Cheng Gongye’s PhD Proposal Review

“Hardware Security Vulnerabilities in Deep Neural Networks and Mitigations”

Committee Members:
Prof. Yunsi Fei (Advisor)
Prof. Xue Lin
Prof. Xiaolin Xu

Abstract:
Over the past decade, Deep Neural Networks (DNNs) have revolutionized numerous fields. With the increasing deployment of DNN models in security-sensitive and mission-critical applications, such as autonomous driving, ensuring the security and privacy of DNN inference is of paramount importance.

This Ph.D. dissertation investigates two primary hardware security attack vectors: fault attacks and side-channel attacks. Fault attacks compromise the integrity of a targeted application by intentionally disrupting the computation or injecting faults on parameters. Side-channel attacks exploit information leakage from the application execution through physical parameters such as power consumption, electromagnetic emanations, and timing to retrieve secrets, thereby breaching confidentiality.

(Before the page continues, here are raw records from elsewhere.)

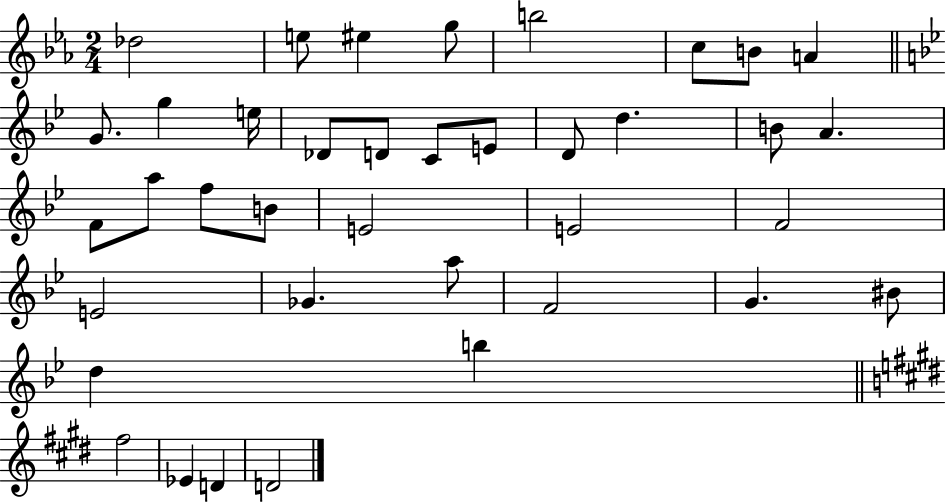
{
  \clef treble
  \numericTimeSignature
  \time 2/4
  \key ees \major
  \repeat volta 2 { des''2 | e''8 eis''4 g''8 | b''2 | c''8 b'8 a'4 | \break \bar "||" \break \key bes \major g'8. g''4 e''16 | des'8 d'8 c'8 e'8 | d'8 d''4. | b'8 a'4. | \break f'8 a''8 f''8 b'8 | e'2 | e'2 | f'2 | \break e'2 | ges'4. a''8 | f'2 | g'4. bis'8 | \break d''4 b''4 | \bar "||" \break \key e \major fis''2 | ees'4 d'4 | d'2 | } \bar "|."
}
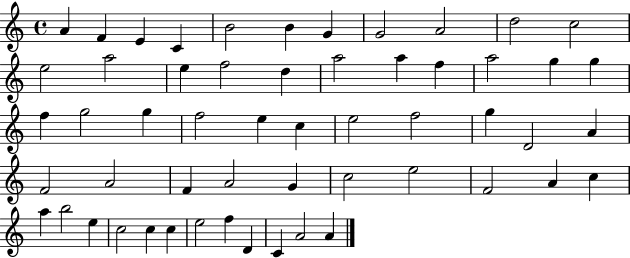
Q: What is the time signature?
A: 4/4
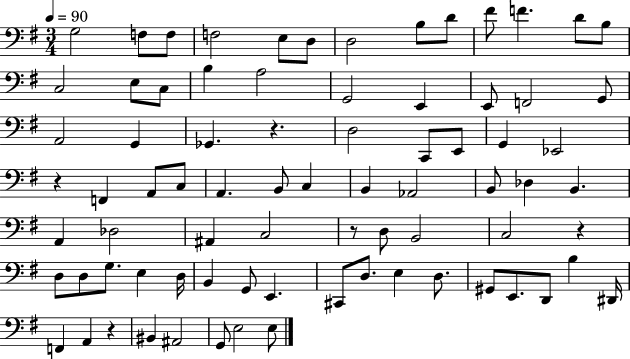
G3/h F3/e F3/e F3/h E3/e D3/e D3/h B3/e D4/e F#4/e F4/q. D4/e B3/e C3/h E3/e C3/e B3/q A3/h G2/h E2/q E2/e F2/h G2/e A2/h G2/q Gb2/q. R/q. D3/h C2/e E2/e G2/q Eb2/h R/q F2/q A2/e C3/e A2/q. B2/e C3/q B2/q Ab2/h B2/e Db3/q B2/q. A2/q Db3/h A#2/q C3/h R/e D3/e B2/h C3/h R/q D3/e D3/e G3/e. E3/q D3/s B2/q G2/e E2/q. C#2/e D3/e. E3/q D3/e. G#2/e E2/e. D2/e B3/q D#2/s F2/q A2/q R/q BIS2/q A#2/h G2/e E3/h E3/e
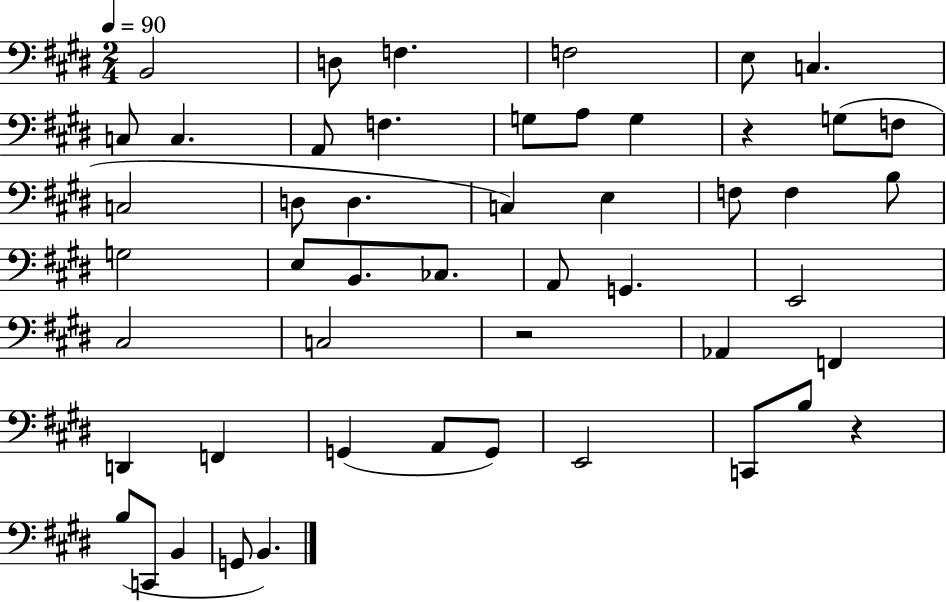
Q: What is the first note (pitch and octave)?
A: B2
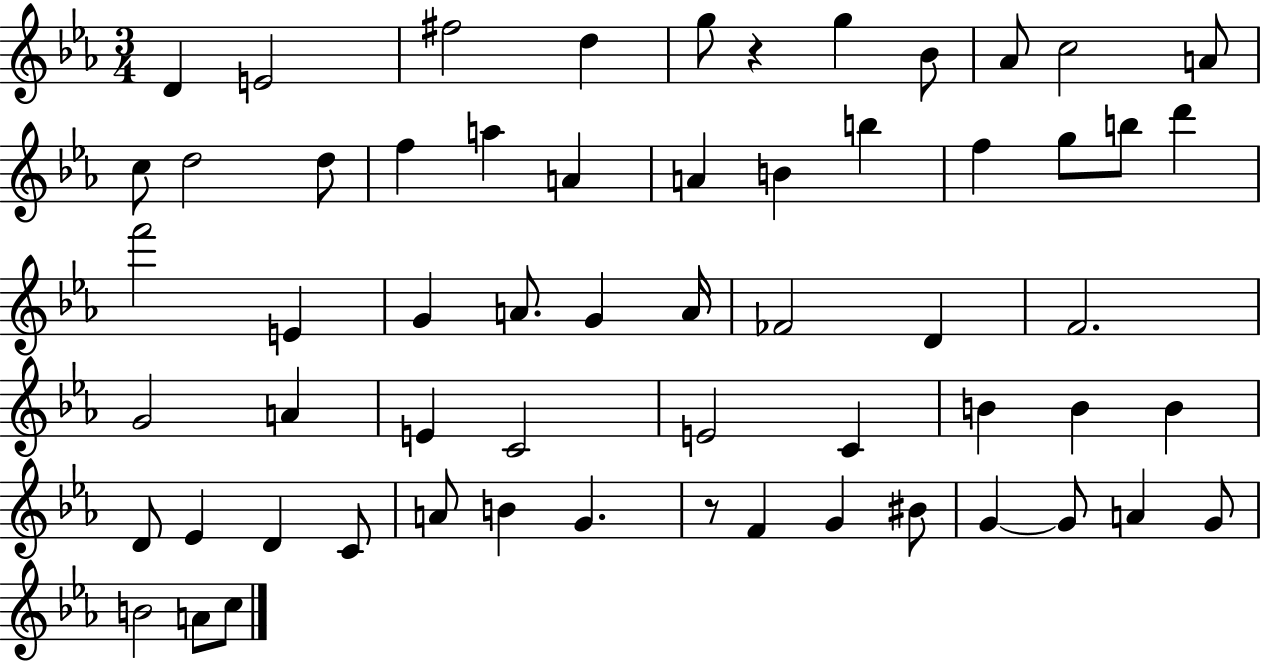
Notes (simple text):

D4/q E4/h F#5/h D5/q G5/e R/q G5/q Bb4/e Ab4/e C5/h A4/e C5/e D5/h D5/e F5/q A5/q A4/q A4/q B4/q B5/q F5/q G5/e B5/e D6/q F6/h E4/q G4/q A4/e. G4/q A4/s FES4/h D4/q F4/h. G4/h A4/q E4/q C4/h E4/h C4/q B4/q B4/q B4/q D4/e Eb4/q D4/q C4/e A4/e B4/q G4/q. R/e F4/q G4/q BIS4/e G4/q G4/e A4/q G4/e B4/h A4/e C5/e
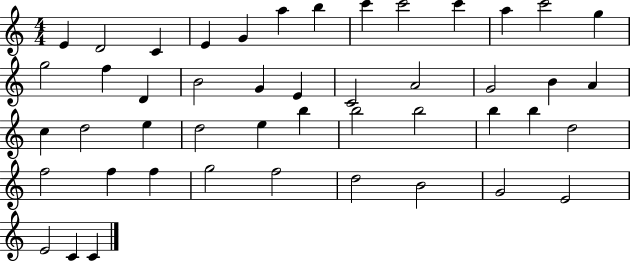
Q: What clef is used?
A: treble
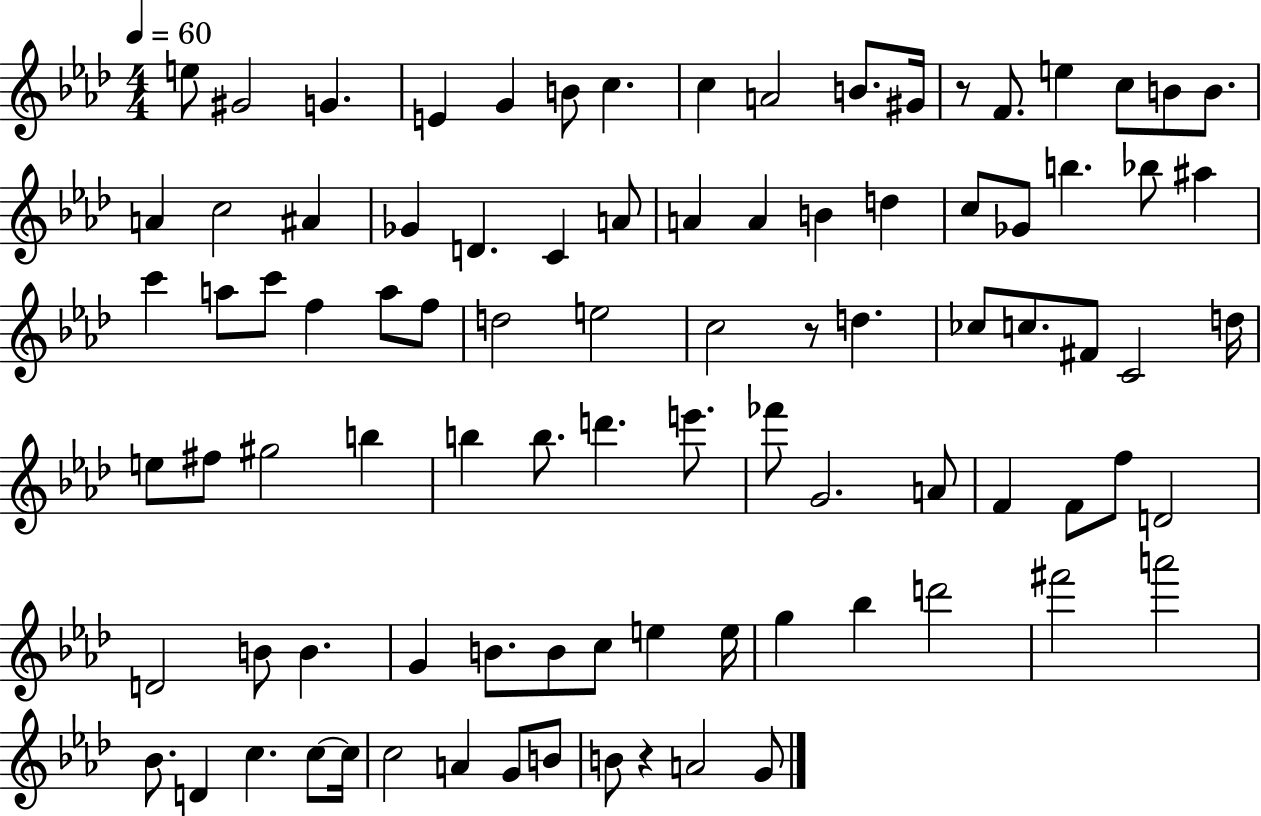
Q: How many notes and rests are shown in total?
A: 91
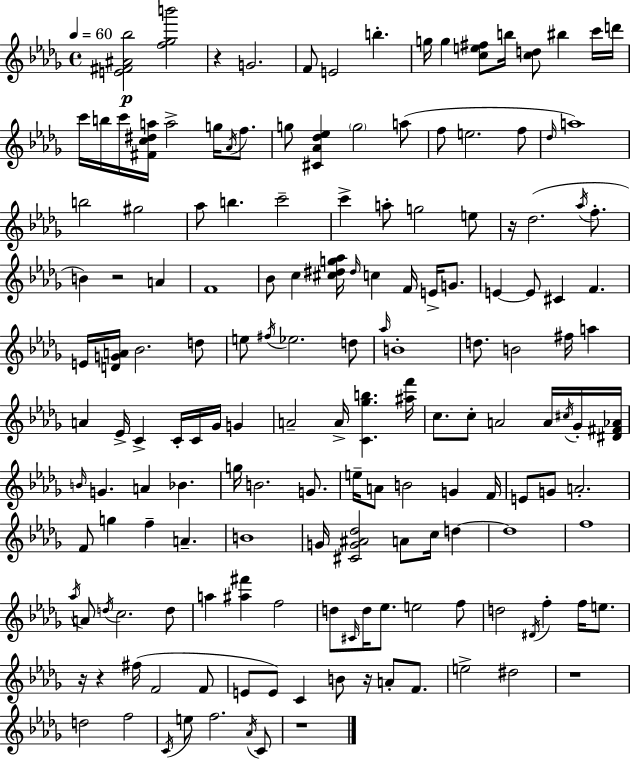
{
  \clef treble
  \time 4/4
  \defaultTimeSignature
  \key bes \minor
  \tempo 4 = 60
  <e' fis' ais' bes''>2\p <f'' ges'' b'''>2 | r4 g'2. | f'8 e'2 b''4.-. | g''16 g''4 <c'' e'' fis''>8 b''16 <c'' d''>8 bis''4 c'''16 d'''16 | \break c'''16 b''16 c'''16 <fis' c'' dis'' a''>16 a''2-> g''16 \acciaccatura { aes'16 } f''8. | g''8 <cis' aes' des'' ees''>4 \parenthesize g''2 a''8( | f''8 e''2. f''8 | \grace { des''16 } a''1) | \break b''2 gis''2 | aes''8 b''4. c'''2-- | c'''4-> a''8-. g''2 | e''8 r16 des''2.( \acciaccatura { aes''16 } | \break f''8.-. b'4) r2 a'4 | f'1 | bes'8 c''4 <cis'' dis'' g'' aes''>16 \grace { dis''16 } c''4 f'16 | e'16-> g'8. e'4~~ e'8 cis'4 f'4. | \break e'16 <d' g' a'>16 bes'2. | d''8 e''8 \acciaccatura { fis''16 } ees''2. | d''8 \grace { aes''16 } b'1-. | d''8. b'2 | \break fis''16 a''4 a'4 ees'16-> c'4-> c'16-. | c'16 ges'16 g'4 a'2-- a'16-> <c' ges'' b''>4. | <ais'' f'''>16 c''8. c''8-. a'2 | a'16 \acciaccatura { cis''16 } ges'16-. <dis' fis' aes'>16 \grace { b'16 } g'4. a'4 | \break bes'4. g''16 b'2. | g'8. e''16-- a'8 b'2 | g'4 f'16 e'8 g'8 a'2.-. | f'8 g''4 f''4-- | \break a'4.-- b'1 | g'16 <cis' g' ais' des''>2 | a'8 c''16 d''4~~ d''1 | f''1 | \break \acciaccatura { aes''16 } a'8 \acciaccatura { d''16 } c''2. | d''8 a''4 <ais'' fis'''>4 | f''2 d''8 \grace { cis'16 } d''16 ees''8. | e''2 f''8 d''2 | \break \acciaccatura { dis'16 } f''4-. f''16 e''8. r16 r4 | fis''16( f'2 f'8 e'8 e'8) | c'4 b'8 r16 a'8-. f'8. e''2-> | dis''2 r1 | \break d''2 | f''2 \acciaccatura { c'16 } e''8 f''2. | \acciaccatura { aes'16 } c'8 r1 | \bar "|."
}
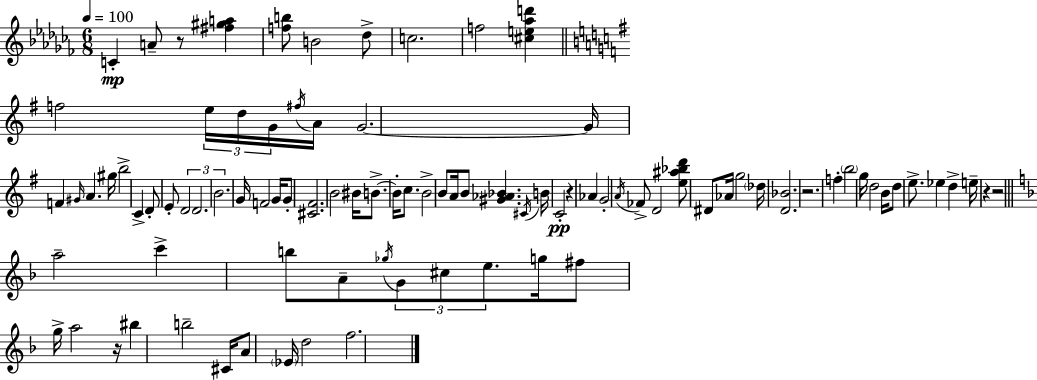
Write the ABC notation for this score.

X:1
T:Untitled
M:6/8
L:1/4
K:Abm
C A/2 z/2 [^f^ga] [fb]/2 B2 _d/2 c2 f2 [^ce_ad'] f2 e/4 d/4 G/4 ^f/4 A/4 G2 G/4 F ^G/4 A ^g/4 b2 C D/2 E/2 D2 D2 B2 G/4 F2 G/4 G/2 [^C^F]2 B2 ^B/4 B/2 B/4 c/2 B2 B/2 A/4 B/2 [^G_A_B] ^C/4 B/4 C2 z _A G2 A/4 _F/2 D2 [e^a_bd']/2 ^D/2 _A/4 g2 _d/4 [D_B]2 z2 f b2 g/4 d2 B/4 d/2 e/2 _e d e/4 z z2 a2 c' b/2 A/2 _g/4 G/2 ^c/2 e/2 g/4 ^f/2 g/4 a2 z/4 ^b b2 ^C/4 A/2 _E/4 d2 f2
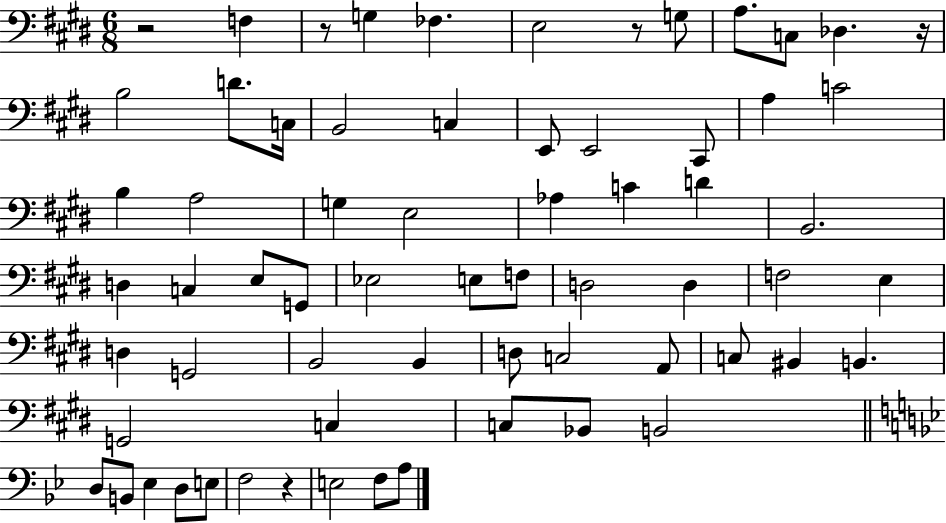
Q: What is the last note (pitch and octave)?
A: A3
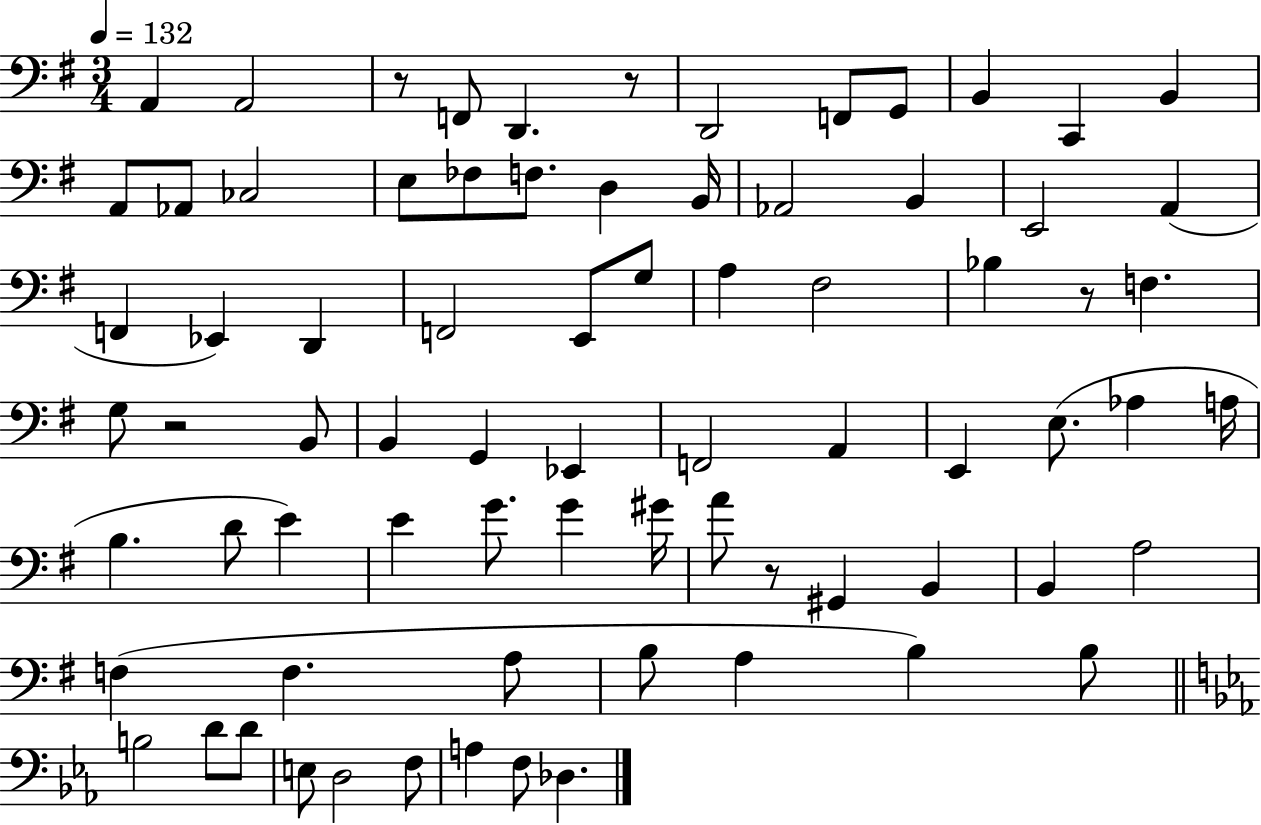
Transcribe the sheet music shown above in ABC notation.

X:1
T:Untitled
M:3/4
L:1/4
K:G
A,, A,,2 z/2 F,,/2 D,, z/2 D,,2 F,,/2 G,,/2 B,, C,, B,, A,,/2 _A,,/2 _C,2 E,/2 _F,/2 F,/2 D, B,,/4 _A,,2 B,, E,,2 A,, F,, _E,, D,, F,,2 E,,/2 G,/2 A, ^F,2 _B, z/2 F, G,/2 z2 B,,/2 B,, G,, _E,, F,,2 A,, E,, E,/2 _A, A,/4 B, D/2 E E G/2 G ^G/4 A/2 z/2 ^G,, B,, B,, A,2 F, F, A,/2 B,/2 A, B, B,/2 B,2 D/2 D/2 E,/2 D,2 F,/2 A, F,/2 _D,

For fault attacks, we demonstrate a power-glitching fault injection attack on FPGA-based DNN accelerators in cloud environments. The attack exploits vulnerabilities in the shared power distribution network and leverages time-to-digital converter (TDC) sensors for precise fault injection timing, and results in model misclassification, an integrity compromise on the targeted application. We propose a lightweight defense framework for detecting and mitigating adversarial bit-flip attacks induced by RowHammer on DNNs. This framework employs a dynamic channel-shuffling obfuscation scheme and a logits-based model integrity monitor, offering negligible performance loss. This framework effectively protects various DNN models from RowHammer attacks without any retraining or model structure modifications.

For side-channel attacks, we present a floating-point timing side channels attack to reverse-engineer multi-layer perceptron (MLP) model parameters in software implementations. This attack successfully recovers DNN parameters, weights and biases.

Regarding ongoing research, we observe that previous studies often focus on academic prototypes, resulting in limited applicability. To bridge these gaps, we select the AMD-Xilinx DPU, one of the most advanced DNN accelerators to date, to conduct the analysis. We propose a side-channel attack that utilizes electromagnetic emissions to extract parameters. Furthermore, we propose a comprehensive fault analysis of quantized DNN models by simulations and discuss potential mitigation strategies.